Wait . . . . . I'm confused.  Diminutive . . . . ?   What's benelus and benlus, and what does "arch." mean?  Archaic?  If so, when was this ARCHAIC form used?


----------



## pacobabel

"ben" is "e degree "of the same root of bon-us (is a typical arish phenomenon, you can also see this vocalic change in classical greek: l*eí*po, le-l*o*ipa, but also in latin: m*e*ns, m*o*neo); -lus/la is the diminutive morpheme in latin: auricula < auris, poenulus < poenus (the little punic man, as in Plautus' comedy).
bellum (war) has the same root like greek polemos.
 As always, sorry because of my english
p.


----------



## cajzl

*Duenos* (with non-syllabic u), then *duonos*, are archaic forms of bonus, they are known from Old Latin inscriptions.

The archaic diminutive of *duenos* would be *duenolos, hence the hypothetical forms (with asterix) *benulus and *benlus, finally the classical form bellus, bella, bellum. Nothing in common with *bellum* (war), which has the archaic form duellum.


----------



## tvdxer

Abbassupreme said:


> How did Latin's "bellum", which I've deduced to mean "war", become "guerra" in Spanish and Italian and "guerre" in French and how did "bella" (which I'm assuming means "wars") come to mean "beautiful" in Spanish and Italian (and "belle" in French)?!



"Guerra" is from a Germanic source rather than Latin.  In other words, it shares the same etymology as English _war_.  Here is the RAE entry:

(Del germ. _*werra_, pelea, discordia; cf. a. al. ant. _wërra_,  neerl. medio _warre_).

As for "bella", it comes from Latin _bellus_ which had a similar meaning to the modern Romance words.


----------



## DrLindenbrock

Hi everybody!
Just to answer the question of how and why the word "bellum" was eventually replaced by "guerra" or "guerre", I've often read that it could be because "bellum" described the kind of war the Roman Legions were used to, i.e. very "neat" and "orderly" (try to see what I mean...) combat between two armies, largely based on tactics and strategy.
Once the so-called barbarians started attacking the Roman Empire, wars became more like small but continuos clashes or even just ambushes, so "bellum" no longer provided a good explanation of this, and the Germanic word took its place.
I know this has nothing to do with linguistics _strictu sensu_ D) but I remember it giving me a good explanation the day I asked myself the question Abbassupreme now posted.
Perhaps if we are good and don't elaborate too much about this (at least in this thread) the mods will let us keep this post... 
Enjoy posting!


----------



## vince

Is a cognate of "war" still used in German?
It seems that most other Germanic languages use a word that sounds like "krig" to refer to "war".

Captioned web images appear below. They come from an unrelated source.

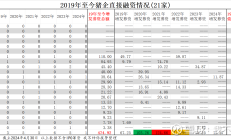 109亿元定增终止、负债近千亿、经营性现金流告负 天合光能如何“过冬”受关注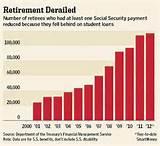 images of Find Student Loans images of Find Student Loans
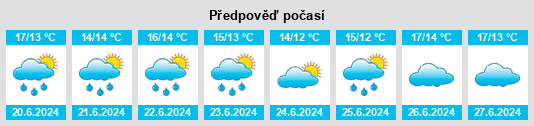 Výhled počasí pro místo Cartagena na Slunečno.cz
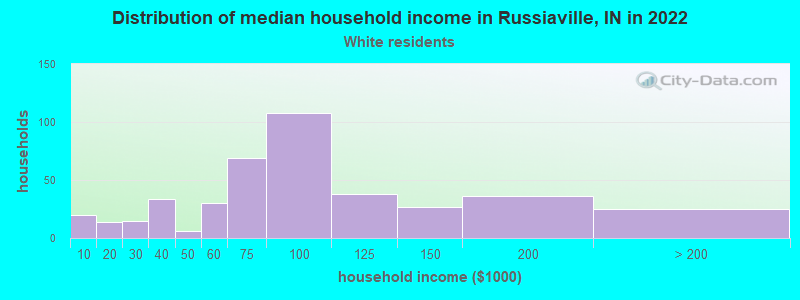 Distribution of median household income in Russiaville, IN in 2022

Is "war" related to Slavic "vojna"?

Perhaps bellus being related to bonus might explain why "elle est bonne" "está buena" means that a woman is attractive. And also explains why "bonita" (a diminuitive of buena / boa ) means beautiful


----------



## cajzl

> Perhaps bellus being related to bonus might explain why "elle est bonne" "está buena" means that a woman is attractive. And also explains why "bonita" (a diminuitive of buena / boa ) means beautiful


On the other side *bellus* chiefly means _good_ in Latin.

bellum est sua vitia nosse = _it's a good thing to know one's own faults_


----------



## Reigh

vince said:


> Is a cognate of "war" still used in German?
> It seems that most other Germanic languages use a word that sounds like "krig" to refer to "war".



No, "war" in German today is "Krieg" and as far as I know it's "oorlog" in Dutch, so there seems to be nothing left of "werra" and I can't think of a word sounding alike in my dialect.


----------



## mcc7x

Reigh said:


> No, "war" in German today is "Krieg" and as far as I know it's "oorlog" in Dutch, so there seems to be nothing left of "werra" and I can't think of a word sounding alike in my dialect.



According to the Online Etymology Dictionary, the following German words are derived from the same root as the reconstructed Frankish word **werra* (which gave rise to the English and Romance languages words for "war"):



* verwịrren* transitives (auch intransitives) Verb "to confuse"
 _* Wịrren *_Plural "turmoil"
 * *_*Wịrrwarr*_ der; _*Wịrrwarrs *_"chaos", (von Stimmen) "clamour"
 
I had also thought that the following words might have to do with **werra* as well, but apparently they came from a different root (Proto-Germanic _**waraz*_), which gave rise to the English words _*wary*_, _*aware *_and _*beware*_. 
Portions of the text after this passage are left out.